It is always a good idea to plot the function you are trying to find the root of (if possible). We can do this easily in gnuplot:

set grid
set xrange [-5:5]
plot x**3 + x**2 + 1

Bisection is slow to converge—it only reduces the error by a factor of 2 each iteration.

try it…

Bisection will fail to find the root for \(f(x) = x^2\). This is because the root is tangent to the x axis—the function doesn’t change sign.

Newton’s method#

For Newton’s method, we start by Taylor expanding the function about some initial guess for the root, \(x_0\):

\[f(x_0 + \delta x) \approx f(x_0) + \left . \frac{df}{dx} \right |_{x_0} \delta x + ~ ...\]

if \(x_0\) is close to the actual root, then \(\delta x\) is a correction that will bring it closer to the actual root, and the higher order terms in this expansion will be small, so we can neglect them. This tells us that the correction is:

\[\delta x = -\frac{f(x_0)}{df/dx|_{x_0}}\]

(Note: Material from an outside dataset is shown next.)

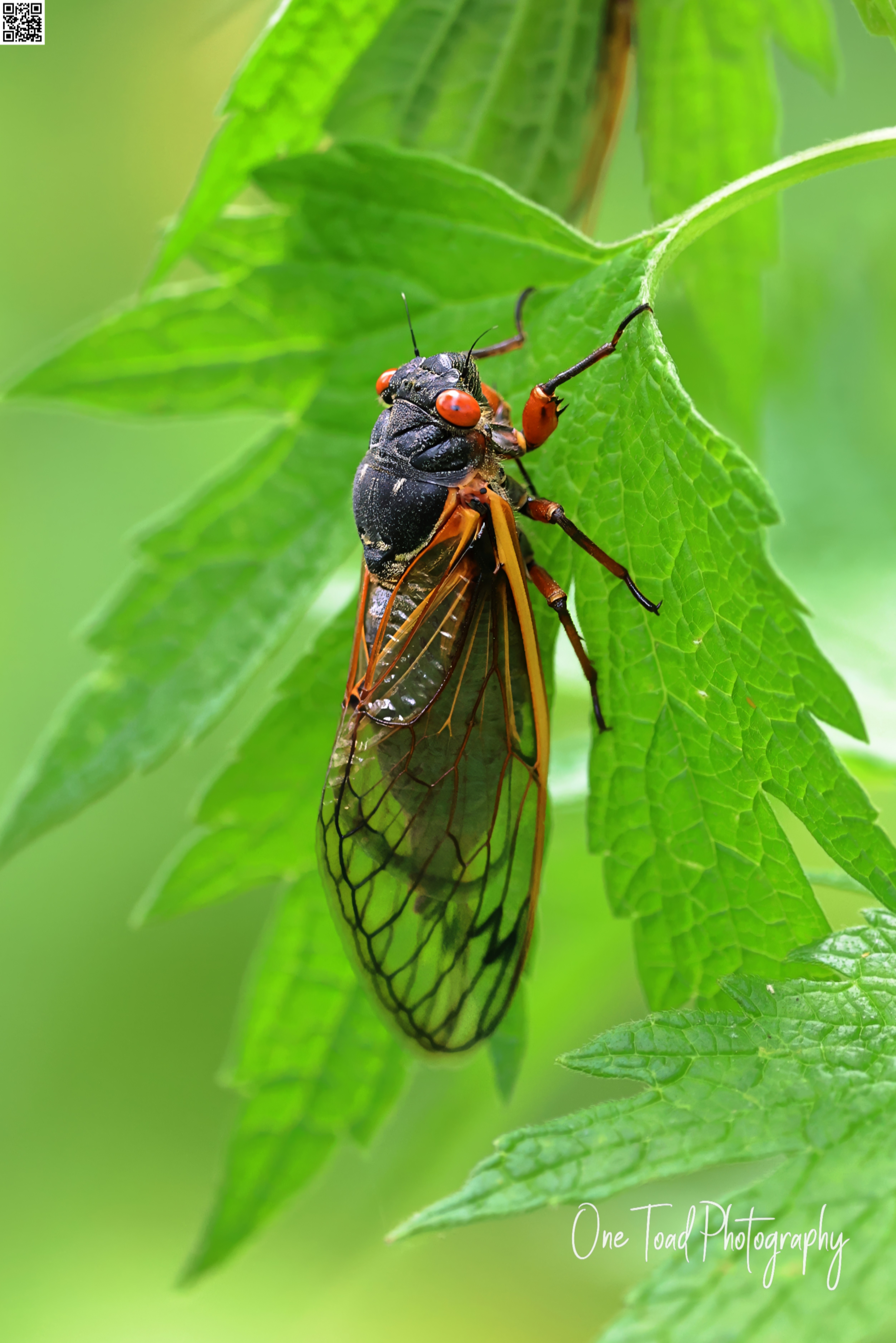Crimson Cicada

Then we can correct our guess:

\[x_0 \leftarrow x_0 + \delta x\]

and iterate on this procedure until \(|\delta x|\) is small.

Here’s an animation showing the method converging:

An animation of Newton's method finding the root of a function.

Important

  • The initial guess needs to be good—if it is not, then the higher order terms, which start with \(\delta x^2\) are not small, and we should not have neglected them.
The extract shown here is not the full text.